Alabama had 450,000 functionally illiterate adults in 1995 (that is, adults below a 9th grade level of performance). Some 30% of Alabama workers lose their jobs annually because they are academically or technologically unable to keep up. 92,000 Alabama adults had completed the 4th grade or less.
(Birmingham Post-Herald, Dec. 27, 1995)

In 1995, 34% of Alabama adults (930,000) had no high school diploma or GED. Alabama ranked 3rd in the nation for adults with the lowest educational level.
(Birmingham News, May 12, 1996; Montgomery Advertiser, Feb. 2, 1991)

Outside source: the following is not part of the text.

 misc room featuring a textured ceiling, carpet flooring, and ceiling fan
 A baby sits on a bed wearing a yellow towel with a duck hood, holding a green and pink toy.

Florida, Georgia, and North Carolina had the highest per capita incomes in the southeast. The populations of these three states also had the highest level of education within the region.
(Birmingham News, October 10, 1995)

The relationship of education to income has long been one of the most obvious patterns in America. The higher the level of education, the better the jobs, the higher the incomes, the lower the rates of poverty and the more money can be devoted to education. These patterns were particularly clear in the 1990 Census. Where head of household had less than 8 years of school, 25% of the families lived in poverty. Where the head of household attended but did not graduate from high school, the poverty rate was 20%. Where a high school graduate headed the household, the poverty rate was only 9%. Where the head of household had at least one year of college, the rate fell to 3.5%. This pattern was true of whites, blacks, and Hispanics. The lack of high school education explains much of Alabama poverty. Approximately one-quarter of Alabama citizens 25 years of age or older did not graduate from high school. In 1979, Alabama per capita income was 78.2% of the national average. It declined to 77.7% in 1988. For each year from 1986 to 1989, Alabama ranked 43rd of 50 states in per capita income. Alabama’s high school graduation rate ranked 44th in 1993. There was also a clear relationship between income and county population growth. Between 1980-90 there was a significant relationship between per capita income and county population growth; the higher the level of per capita income, the higher the county population growth. In fact, per capita income was the strongest predictor of population growth.
(Charles J. Spindler, “Education in Alabama”, June 1, 1993)

Some 20% of Alabama adults above age 25 had college bachelor degrees or better in 2004, ranking the state 44th in the nation, 5 percentage points below the national average. (Birmingham News, May 11, 2004)

Alabama’s median household income ranked 42nd of 50 states and the District of Columbia in 2004.
(Birmingham News, Nov.30, 2005)

In 1989, 65% of food stamps and welfare payments went to non high school graduates. Of 13,000 Alabama prison inmates that year, 90% had not finished high school. Among Medicaid recipients, 70% had not finished high school.

In the mid 1990s, the Federal government provided 11% of Alabama public school funds (7th highest), the state 70% (3rd highest), and local governments 19% (50th).

In 1999, 26% of Mississippi school systems taxed at higher local rates than Alabama’s top system, Mountain Brook. If Alabama had taxed at the same rate as Mississippi, the state would have generated $836 million more annually for its schools.

Alabama expenditures for schools per pupil, 1970-1993, ranked 49th among all states. The American Legislative Exchange Council’s Report for 2000 ranked Alabama 46th in academic achievement, a decline of four places from 1999.

In 2005, more than half the 730,000 children in Alabama public schools were eligible for free and reduced meals because of family poverty.